FlaggerIstioCanary DeploymentsKubernetesCI/CDProgressive DeliveryPrometheusDevOpsLinuxServer

Automating Canary Deployments with Flagger & Istio on Kubernetes

If you’ve ever rolled a new version to production and then spent the night watching logs, you know why canary deployments matter. In this post I’ll show you how to let Flagger and Istio do the heavy lifting, turning a risky push into a painless, automated rollout.

TL;DR – Install Istio 1.18, Flagger 1.33, configure a Canary CRD, and let the controller shift traffic based on Prometheus metrics.


Why Flagger + Istio?

FeatureFlaggerIstio
Automated traffic shifting✅✅ (via VirtualService)
Metric‑driven analysis✅ (Prometheus, Datadog, etc.)✅ (Telemetry)
Rollback on failure✅✅
Multi‑cluster support✅✅

Together they give you progressive delivery without writing custom scripts.
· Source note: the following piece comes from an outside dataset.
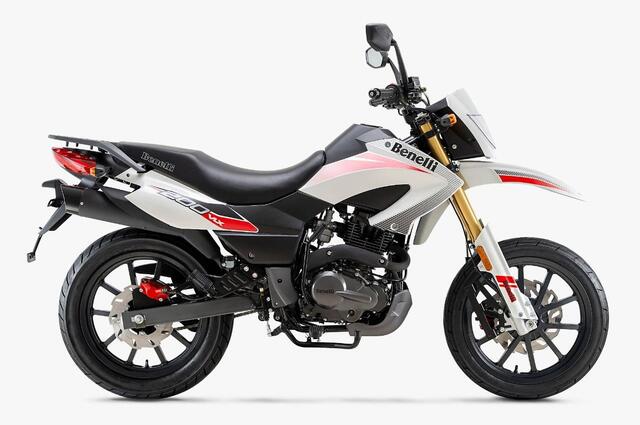 ترخيص أكثر من 12 ألف دراجة نارية و1800 نقل في ديسمبر الماضي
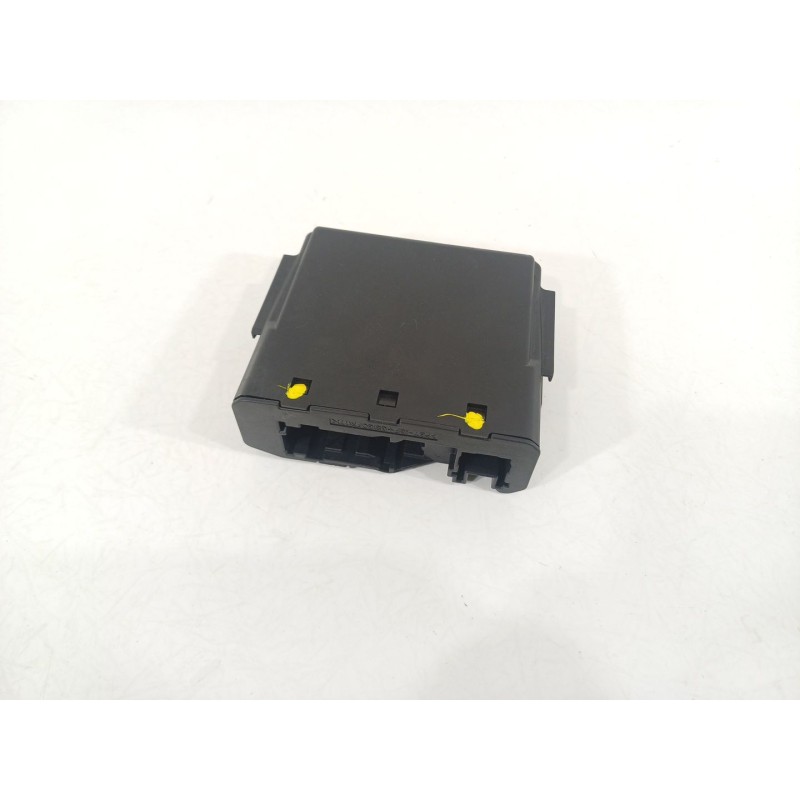 Recambio de caja reles / fusibles para toyota yaris (_p21_, _pa1_, _ph1_) 1.5 hybrid (mxph11) referencia OEM IAM 8264452060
Flagger watches your Helm chart (or Kustomize) releases, queries Prometheus for the SLO you define, and tells Istio how much traffic each version should receive. If the canary misbehaves, Flagger rolls it back automatically.


Prerequisites

ItemVersion
Kubernetes cluster1.27+
kubectl1.27+
Istio1.18.0 (or later)
Flagger1.33.0 (or later)
Helm3.12.0 (optional, for chart install)
Prometheus2.44 (already bundled with Istio)

You need cluster admin rights to install Istio and Flagger. I run everything on a GKE standard cluster (3‑node, n1‑standard‑4) but any conformant K8s works.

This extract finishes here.